Finally, note that for every projection \(Q\in {{\mathcal {P}}}(H)\) we have

$$\begin{aligned} Q^{\mathfrak {c}}\cap {{\mathcal {P}}}_1(H) = \{ P\in {{\mathcal {P}}}_1(H) :\mathrm{Im\,}P \subset \mathrm{Im\,}Q \cup \mathrm{Ker}Q \}, \end{aligned}$$

from which we easily complete the proof. \(\square \)
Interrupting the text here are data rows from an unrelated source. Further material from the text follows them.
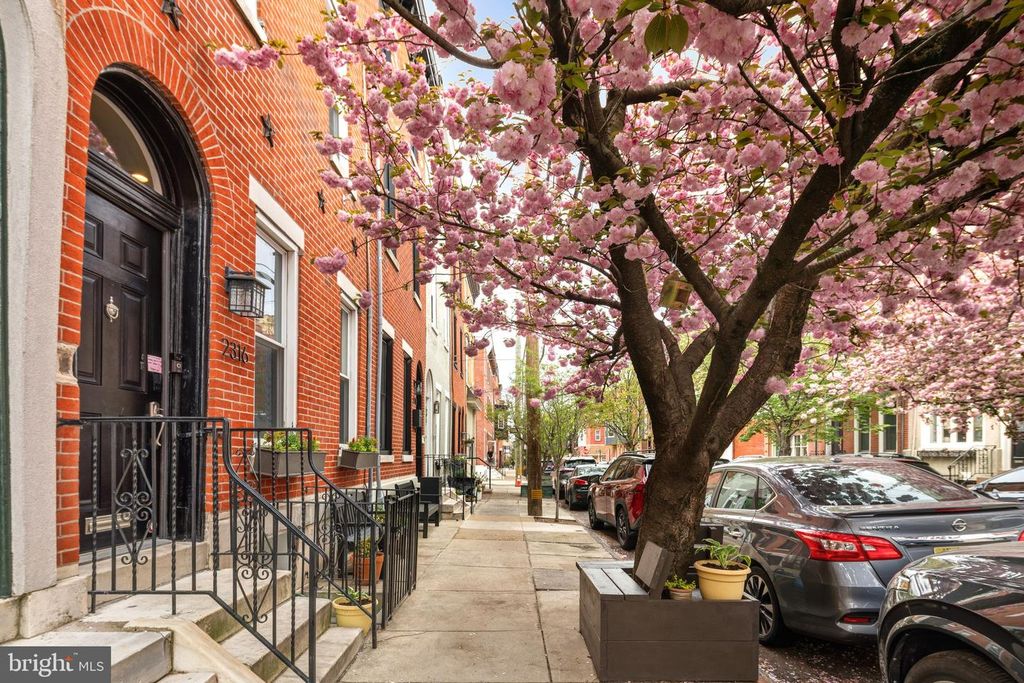 2316 PARRISH ST, Philadelphia, PA 19130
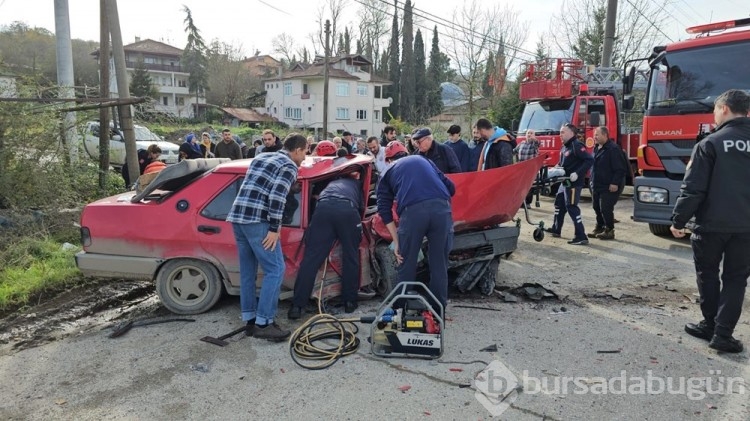 Otomobiller kafa kafaya çarpıştı: 1'i ağır, 3 yaralı
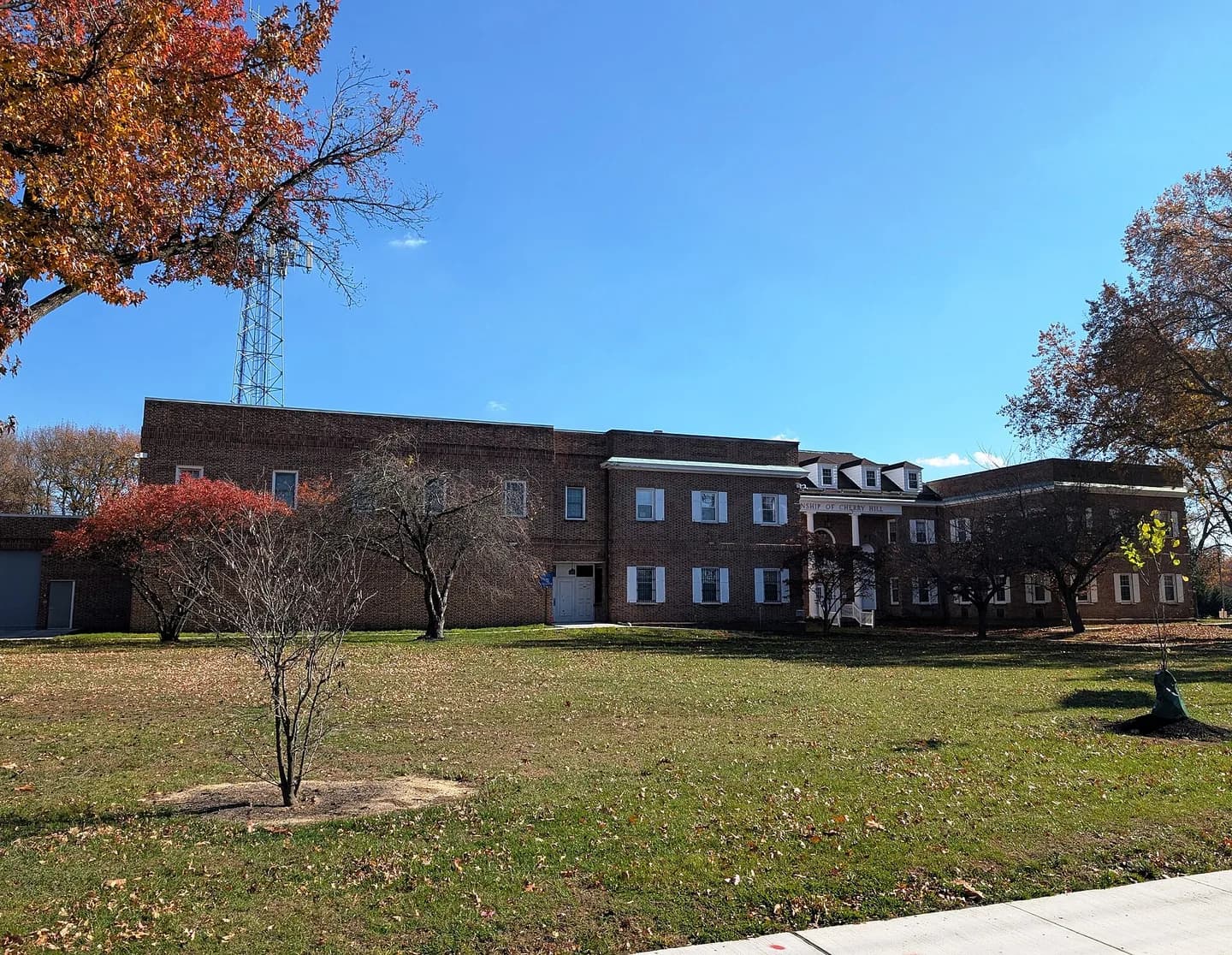 Photo of the Cherry Hill, New Jersey municipal building. Photo taken from Mercer Street looking east-southeast.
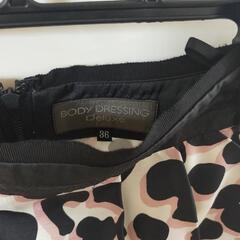 【美品】BODY DRESSING Deluxe スカートの画像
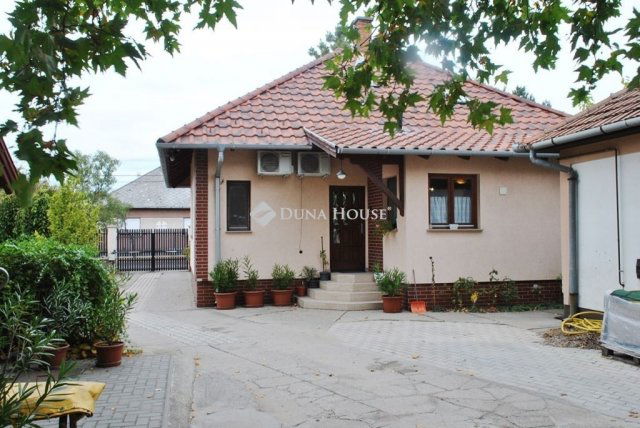 Eladó családi ház, Kecskeméten 109 M Ft, 6 szobás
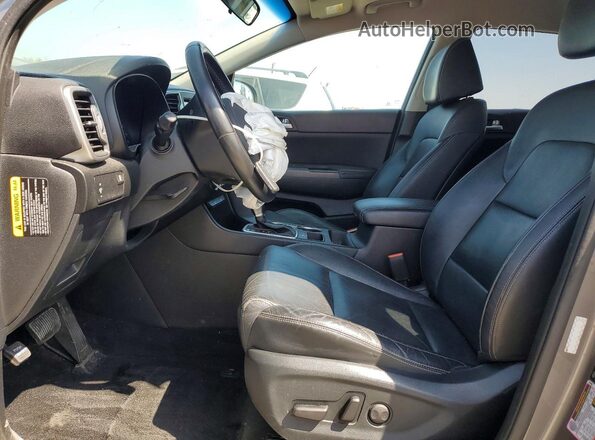 KNDPN3AC9H7296245 2017 KIA SPORTAGE Серебряный Вид салона спереди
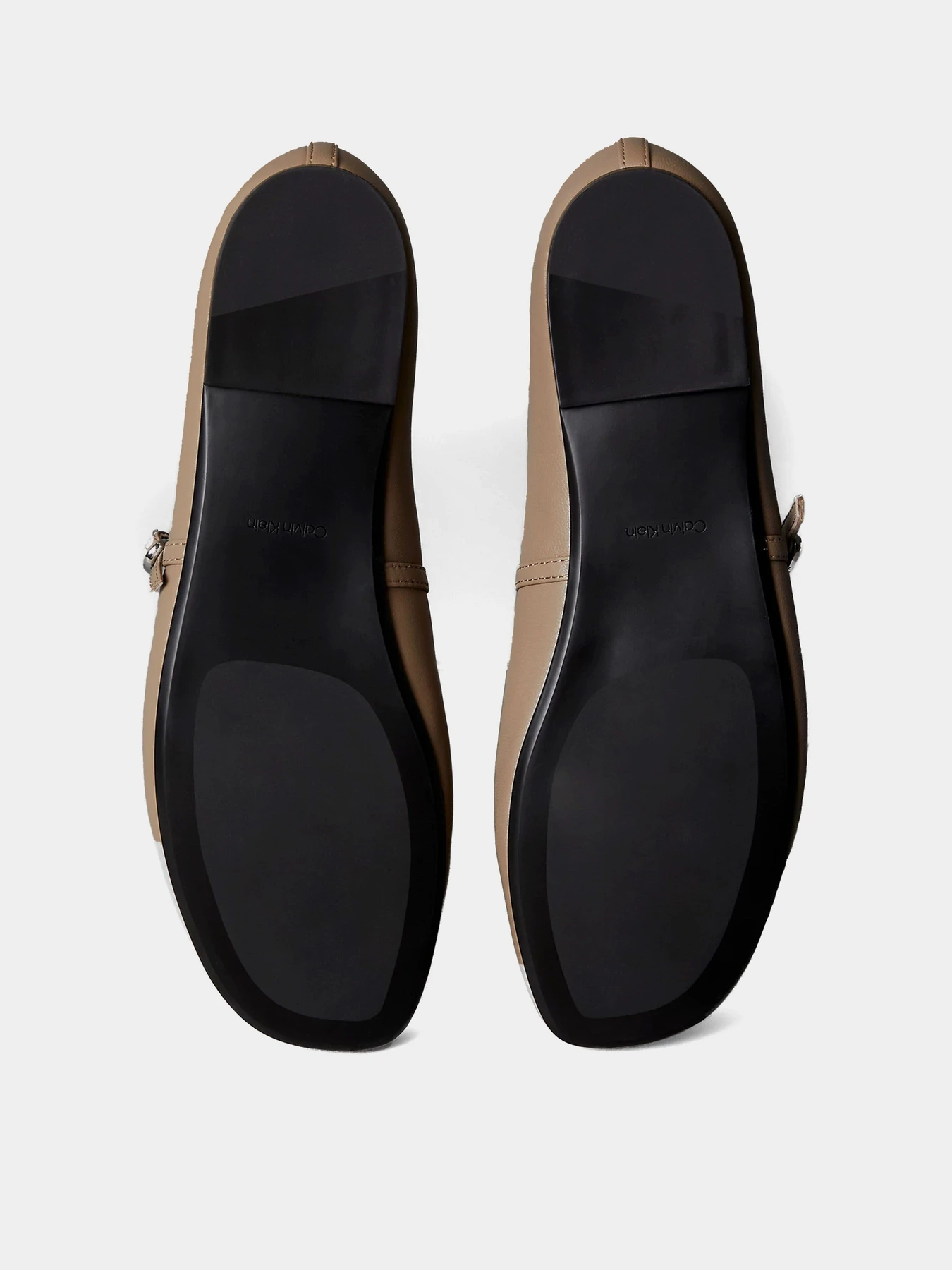 Туфли и лоферы Calvin Klein OBLIQUE BALLERINA MJ LTH HDW модель HW0HW02847-PBO Фото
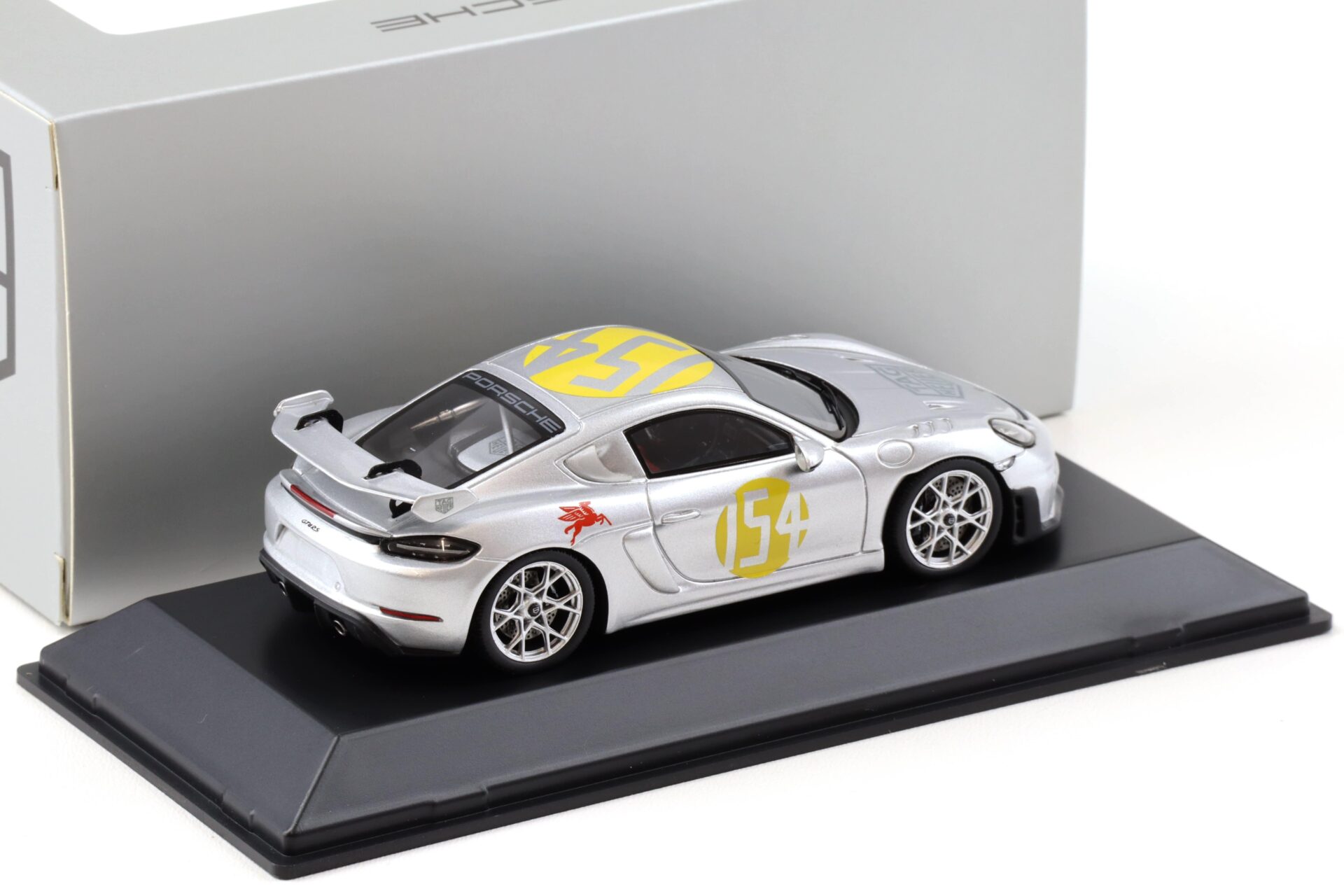 1:43 Spark Porsche 718 Cayman GT4 RS Panamericana Special #154 MAP Porsche Museum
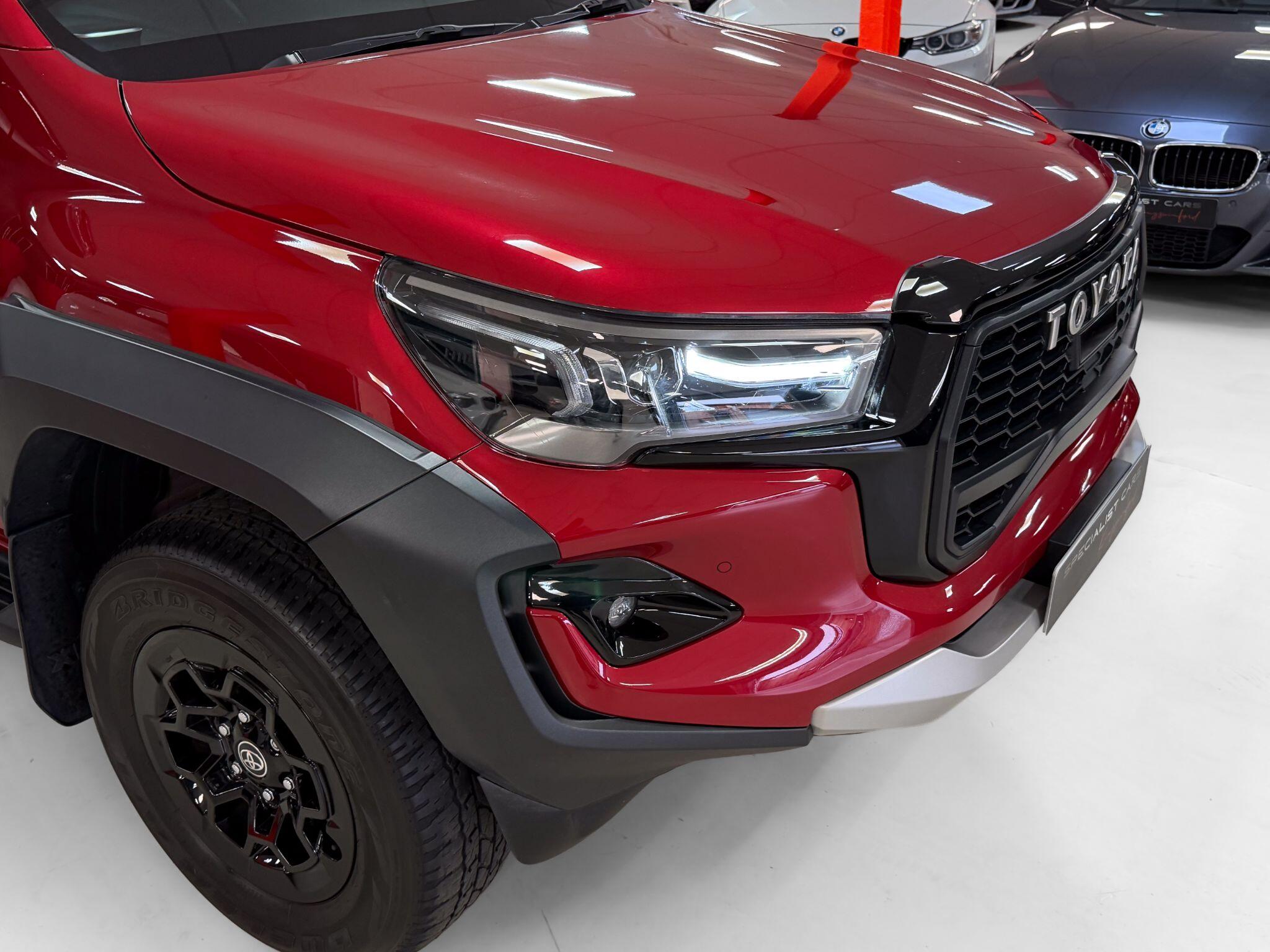 Toyota Hilux view 22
Before we prove Theorem 1.3 in the general case, we need one more technical lemma for non-separable Hilbert spaces. We will use the notation \({{\mathcal {E}}}_{fs}(H)\) for the set of all effects whose spectrum has finitely many elements.

Lemma 4.4

For all \(A\in {{\mathcal {E}}}_{fs}(H)\) we have

$$\begin{aligned} A^{cc} = A'' \cap {{\mathcal {E}}}(H) = \{ p(A)\in {{\mathcal {E}}}(H) :p \text { is a polynomial} \}. \end{aligned}$$


We only have to observe the following for all \(A\in {{\mathcal {E}}}(H)\) with \(\#\sigma (A) = n \in {\mathbb {N}}\), where \(E_1, \dots E_n\) are the spectral projections and \(H_j = \mathrm{Im\,}E_j\) \((j=1,2,\dots n)\):

$$\begin{aligned} A^{cc}&= \left( \bigcap _{j=1}^n E_j^c \right) ^c = \left\{ \bigoplus _{j=1}^n B_j:B_j \in {{\mathcal {E}}}\left( H_j\right) \text { for all } j \right\} ^c \\&= \left\{ \sum _{j=1}^n \mu _j E_j :\mu _j \in [0,1] \text { for all } j \right\} \\&= \left\{ \bigoplus _{j=1}^n T_j :T_j \in {{\mathcal {B}}}(H_j) \text { for all } j \right\} ' \cap {{\mathcal {E}}}(H) = \left( \bigcap _{j=1}^n E_j' \right) ' \cap {{\mathcal {E}}}(H) = A'' \cap {{\mathcal {E}}}(H). \end{aligned}$$

\(\square \)

Now, we are in the position to prove our second main theorem in the general case.

Proof of Theorem 1.3 for spaces of dimension at least three

The proof will be divided into the following steps:

  1. 1

    we show that \(\phi \) maps \({{\mathcal {E}}}_{fs}(H)\) onto itself,

  2. 2

    we prove that \(\phi \) has the form (2) on \({{\mathcal {E}}}_{fs}(H)\setminus \mathcal {SC}(H)\),

  3. 3

    we show that \(\phi \) has the form (2) on \({{\mathcal {E}}}(H)\setminus \mathcal {SC}(H)\).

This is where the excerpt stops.